The data needs to be returned in full, exactly as it reads.

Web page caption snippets
····················

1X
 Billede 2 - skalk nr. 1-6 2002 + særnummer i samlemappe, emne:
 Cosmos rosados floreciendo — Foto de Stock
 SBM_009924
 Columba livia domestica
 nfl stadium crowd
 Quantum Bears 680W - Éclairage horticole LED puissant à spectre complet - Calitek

····················

- OUTPUT FOR THIS TASK -
1X
 Billede 2 - skalk nr. 1-6 2002 + særnummer i samlemappe, emne:
 Cosmos rosados floreciendo — Foto de Stock
 SBM_009924
 Columba livia domestica
 nfl stadium crowd
 Quantum Bears 680W - Éclairage horticole LED puissant à spectre complet - Calitek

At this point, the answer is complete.